Yeah, it's still the majority of our business is just over half is in the oil and gas drilling and completions activity, but we've seen significant growth in those other segments. And I like to always keep reminding people that over the last couple of years, we've been deploying the majority of our capital into these beyond well-paid applications just to make sure we're continuing to diversify the business. And I'll expect to see that again in 2024 with the majority of the capital going into the beyond well-paid applications. In saying that, our oil and gas business is a great business. It will continue to grow. We just know long term that there is a real benefit to make it through. We've got a very diverse portfolio.
Okay, thanks for that. And then maybe just for Greer on the leverage target, achieving your three times ratio mainly from growing to EBITDA, but wondering your thoughts around asset sales as potentially being part of the plan to accelerate that timeline to reach your target level.

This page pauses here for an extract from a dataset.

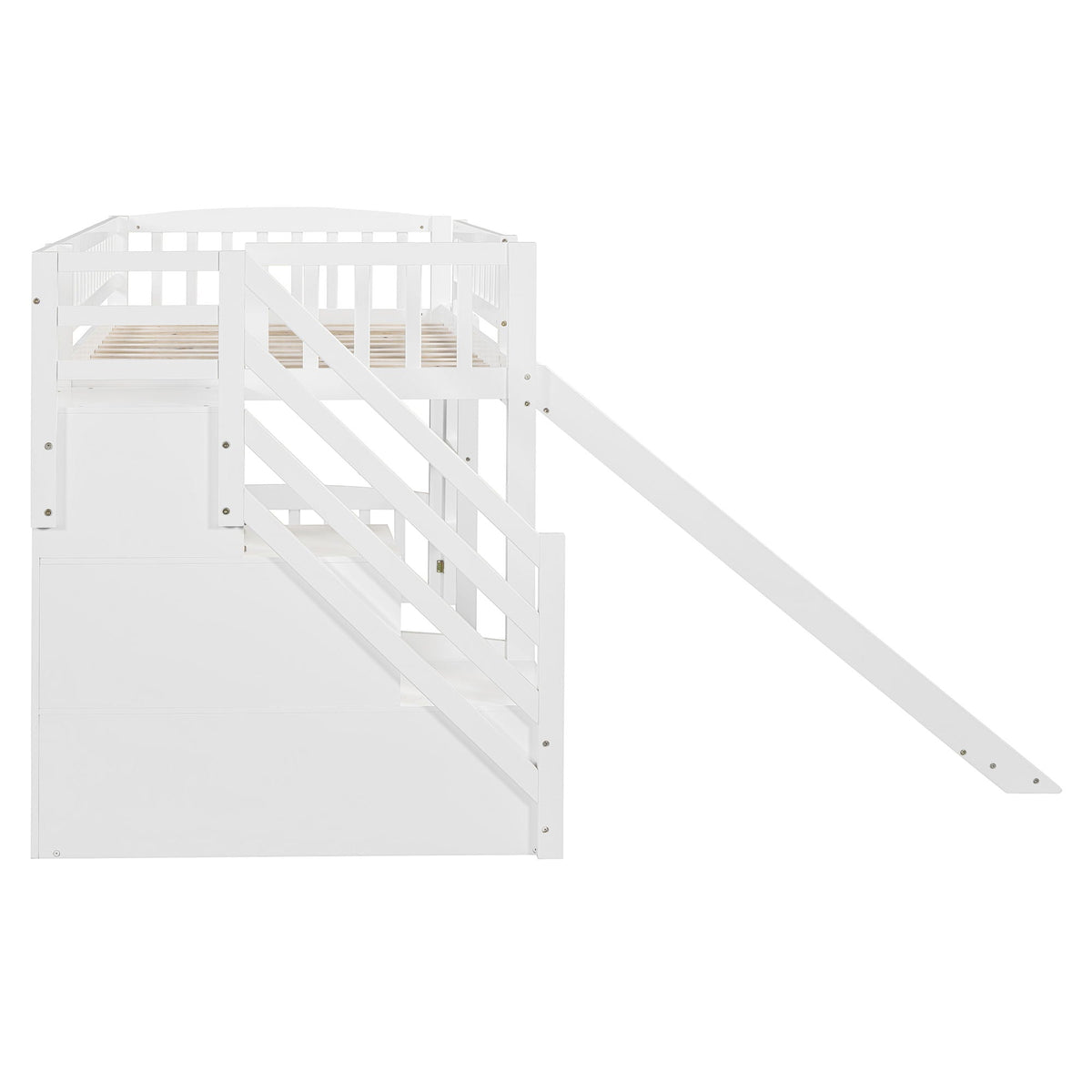 Loft Stairway Bed with Drawers and Convertible Ladder - Twin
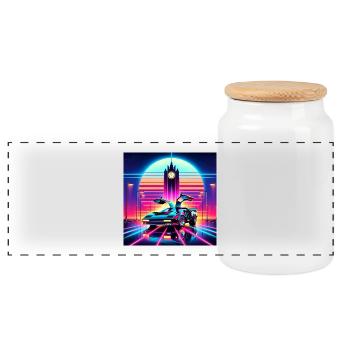 Retour vers le futur retro futuriste années 80 - Boîte à biscuits avec couvercle en bois - blanc - Devant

Yeah, thanks, Patrick. So currently, our target to get to three times, we think we can do this in roughly three years. And we wouldn't need to rely on asset sales, I think. So there are no plans. I think we like the businesses we have. We like the footprints. There's nothing that we're actively looking to sell. Obviously, at certain prices, anything is for sale. Which kind of goes without saying. But I just say there's nothing that we have on the path and don't need to do that to achieve our objectives.
Okay, thank you.
Thank you. I'm currently showing no further questions at this time. I'd like to hand the call back over to Alan McDonald for closing remarks.
Thanks very much, everybody. We appreciate obviously your time and engagement on our business here. And I'd like to take the opportunity to thank all our employees at Superior for their continued contribution to our success, their focus on safety and reliably serving our customers. If it wasn't for our employees, none of this would be possible. Thanks for your participation. And I look forward to speaking with you all through the course of the next quarter. Have a great day, everyone.
I'll be off further. This concludes today's conference call. Thank you for your participation. You may now disconnect.